Yağmur yağdı, İstanbul’un ulaşımı, alt yapısı çöktü. İstanbul’da yağmurla ulaşım çok tehlikeli, barınma tehlikeli hale geldi.
İstanbul’da yağmur bu sabah (18 Temmuz) 8.00-9.00 arası etkili oldu. Yağmur kentle buluşunca akacak yer, sızacak toprak bulamadı, su baskınları meydana geldi.
Aynı saatler ve sonrasında:
-M1 hattında Yenikapı – Bakırköy istasyonları arasında seferler durdu.
-T1 ve T3 tramway hatlarının tamamında seferler yapılamadı.
-Eyüp- Pierloti teleferik hattında sefer yapılamadı.
-Taksim İstasyonu Gezi Parkı çıkışı yolcu alımına kapatıldı.
-Avrasya Tüneli yaklaşım yolları sular altında kaldı, tünel kapatıldı.
Ulaşım sistemlerinin yanı sıra İstanbul’un pek çok farklı noktası su baskınlarıyla boğuştu. Araçlar suya gömüldü, trafik kilitlendi, halk araçlar içinde mahsur kaldı, su basmış yollarda yüzerek karaya çıkmaya çalışan insan görüntüleri kameralara yansıdı.
İstanbul’da su baskınlarıyla oluşan büyük risklerden sonra bir kez daha yönetenlerden sorumluluk almayan açıklamalar geldi: İstanbul Büyükşehir Belediyesi yoğun yağış miktarını gerekçe gösterdi. Orman ve Su İşleri Bakanı zaruret olmadıkça evden çıkmayın uyarısı yaptı. Ulaştırma, Denizcilik ve Haberleşme Bakanı ise yağmuru afet olarak tanımladı ve bir kez daha yağmurun şiddetinden bahsetti.
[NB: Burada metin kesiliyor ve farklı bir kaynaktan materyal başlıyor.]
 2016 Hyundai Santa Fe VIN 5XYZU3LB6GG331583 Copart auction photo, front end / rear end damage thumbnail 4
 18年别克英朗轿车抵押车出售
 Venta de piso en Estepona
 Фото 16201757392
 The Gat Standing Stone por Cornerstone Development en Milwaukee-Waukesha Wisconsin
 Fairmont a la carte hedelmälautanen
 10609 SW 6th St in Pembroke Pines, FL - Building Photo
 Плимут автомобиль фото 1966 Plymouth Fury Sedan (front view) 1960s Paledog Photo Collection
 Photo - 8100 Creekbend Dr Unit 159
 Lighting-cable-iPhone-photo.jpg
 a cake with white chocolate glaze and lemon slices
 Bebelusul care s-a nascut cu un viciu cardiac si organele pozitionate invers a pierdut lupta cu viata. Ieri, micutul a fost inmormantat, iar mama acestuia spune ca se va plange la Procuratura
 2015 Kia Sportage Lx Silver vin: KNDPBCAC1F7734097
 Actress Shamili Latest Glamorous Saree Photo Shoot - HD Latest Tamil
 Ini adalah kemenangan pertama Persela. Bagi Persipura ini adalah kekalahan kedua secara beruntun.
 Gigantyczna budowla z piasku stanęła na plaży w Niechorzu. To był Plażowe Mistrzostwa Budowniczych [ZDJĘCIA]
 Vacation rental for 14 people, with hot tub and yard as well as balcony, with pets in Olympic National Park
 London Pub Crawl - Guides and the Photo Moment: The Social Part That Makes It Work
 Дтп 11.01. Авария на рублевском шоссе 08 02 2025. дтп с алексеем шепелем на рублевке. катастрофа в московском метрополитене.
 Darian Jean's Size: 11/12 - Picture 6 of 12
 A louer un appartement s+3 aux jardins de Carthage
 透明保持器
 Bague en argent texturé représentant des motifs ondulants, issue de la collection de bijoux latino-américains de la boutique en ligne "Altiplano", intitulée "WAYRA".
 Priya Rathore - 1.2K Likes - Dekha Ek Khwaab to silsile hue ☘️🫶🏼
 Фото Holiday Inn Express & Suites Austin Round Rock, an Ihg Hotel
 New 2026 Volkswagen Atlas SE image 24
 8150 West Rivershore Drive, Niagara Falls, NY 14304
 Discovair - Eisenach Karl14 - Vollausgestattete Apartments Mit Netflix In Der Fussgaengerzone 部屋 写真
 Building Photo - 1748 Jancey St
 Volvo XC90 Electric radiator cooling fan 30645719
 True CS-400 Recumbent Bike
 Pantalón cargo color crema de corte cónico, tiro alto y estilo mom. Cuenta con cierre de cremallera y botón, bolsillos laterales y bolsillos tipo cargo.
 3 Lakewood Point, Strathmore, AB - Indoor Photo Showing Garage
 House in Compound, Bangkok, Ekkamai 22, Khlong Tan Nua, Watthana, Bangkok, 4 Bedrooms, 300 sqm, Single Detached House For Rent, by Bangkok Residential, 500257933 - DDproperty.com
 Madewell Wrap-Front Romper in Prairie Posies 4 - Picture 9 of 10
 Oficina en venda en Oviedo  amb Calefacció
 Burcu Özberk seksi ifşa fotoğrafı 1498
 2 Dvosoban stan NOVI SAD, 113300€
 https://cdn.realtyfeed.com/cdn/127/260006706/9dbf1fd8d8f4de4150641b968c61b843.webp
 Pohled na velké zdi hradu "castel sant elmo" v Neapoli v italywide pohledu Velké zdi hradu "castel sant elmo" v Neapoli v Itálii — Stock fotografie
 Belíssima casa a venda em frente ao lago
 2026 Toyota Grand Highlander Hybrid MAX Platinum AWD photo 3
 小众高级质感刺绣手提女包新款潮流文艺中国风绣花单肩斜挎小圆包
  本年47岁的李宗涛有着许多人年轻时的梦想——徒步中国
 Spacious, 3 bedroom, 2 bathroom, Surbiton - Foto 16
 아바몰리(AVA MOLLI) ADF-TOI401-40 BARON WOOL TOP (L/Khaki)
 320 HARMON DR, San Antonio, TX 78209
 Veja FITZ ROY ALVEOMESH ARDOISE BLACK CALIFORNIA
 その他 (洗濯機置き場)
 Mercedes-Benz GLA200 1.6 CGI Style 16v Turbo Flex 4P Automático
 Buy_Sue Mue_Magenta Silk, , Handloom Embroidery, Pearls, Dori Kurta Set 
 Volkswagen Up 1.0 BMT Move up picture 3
Oysa yağmur bir doğa olayıdır.
Doğa olaylarının kentlerde, yaşam alanlarında felakete dönüşmemesi merkezi ve yerel yönetimlerin sorumluluğundadır.
Planlama, mühendislik ve mimariyle, doğa olayları yaşanırken insanca yaşanabilir, sağlıklı ve güvenli kentler inşa etmek mümkündür.
1994 yılından beri İstanbul’u yönetenler, 15 yıldır Türkiye’yi yönetiyor. AKP yıllardır inşaat sermayesiyle el ele, en çok da bu alanda çalışan yandaş şirketleriyle İstanbul’u yaşanmaz hale getiren projelere imza attı.
Yağmur İstanbul’da felakete dönüştü çünkü:
– İstanbul’da havaalanı, yol, köprü projeleriyle Kuzey Ormanları’nda 3 milyondan fazla ağaç kesildi.
– İstanbul 3. köprü, 3. havalimanı, Avrasya Tüneli projeleriyle mega felaketlere açık bir kent haline geldi.
– Kent içindeki kamusal alanlar, parklar, kent stadları, deprem toplanma alanları AVM’lere, otoparklara dönüştü. 99 Marmara Depremi sonrasında belirlenen 480 acil toplanma alanının 4’te 3 üne AVM ya da rezidans yapıldı.
– Kent içinde yapı yoğunluğu arttırıldı, ‘kentsel dönüşüm’ adı altında Sulukule, Fikirtepe, Kadıköy ve bugün pek çok İstanbul ilçesinde yeniden inşa edilen yapıların toprak örtülü bahçeleri yok edildi, yere düşen her damla yağmur caddelere taşındı.
– Kent içi inşaat rantı yetmeyince 6292 Sayılı 2B yasası yani ‘Hazineye Ait Tarım Arazilerinin Satışı Hakkında Kanun’ çıkarıldı, İstanbul’da inşaat projelerine yeni alanlar yaratıldı.
–Toprak Koruma ve Arazi Kullanımı Kanunu’nda yapılan değişikliklerle de İstanbul’da tarım alanları imara açılarak yok edildi.
– İstanbul tarım alanlarına, parklara, acil toplanma alanlarına, dere yataklarına, sahil şeridine yapılan inşaatlarla betonlaştırıldı, yağmurlar akacak yer, sızacak toprak bulamaz oldu.
– İstanbul’da drenajı olmayan, projesi ya da imalatı yanlış yapılan karayolu dalış tünelleri su baskını şiddetini arttırdı.
– İstanbul’da pek çok altyapı projesi, mevcut projeye bağlı kalmadan inşa edildi. Yetersiz ve kalitesiz malzemelerle teknik açıdan güvenli olmayan altyapı hizmetleri sunuldu.
– Yerel yönetimler İstanbul’u gerekli altyapı bakım, onarım ve iyileştirme hizmetlerinden yoksun bıraktı.
Yönetenlerin yönetemediği İstanbul plansız, altyapısız, tehlikeli bir kent şimdi. İstanbul betonlaşmaya devam ettiği, teknik açıdan bilimsel veriler yok sayılarak planlandığı sürece yağmurlar sel olmaya, yollar göl olmaya, halkın can güvenliği tehdit altında olmaya devam edecek.
Kent politikalarıyla İstanbul Büyükşehir Belediyesi, İstanbul’un ormanlarını, doğasını korumayan Orman ve Şu İşleri Bakanlığı, kenti şantiyeye, betona çeviren planlara imza atan Çevre ve Şehircilik Bakanlığı, ‘mega’ projelerle kenti çevreleyen Ulaştırma, Denizcilik ve Haberleşme Bakanlığı yağmurun afete dönüşmesinin baş sorumlularıdır.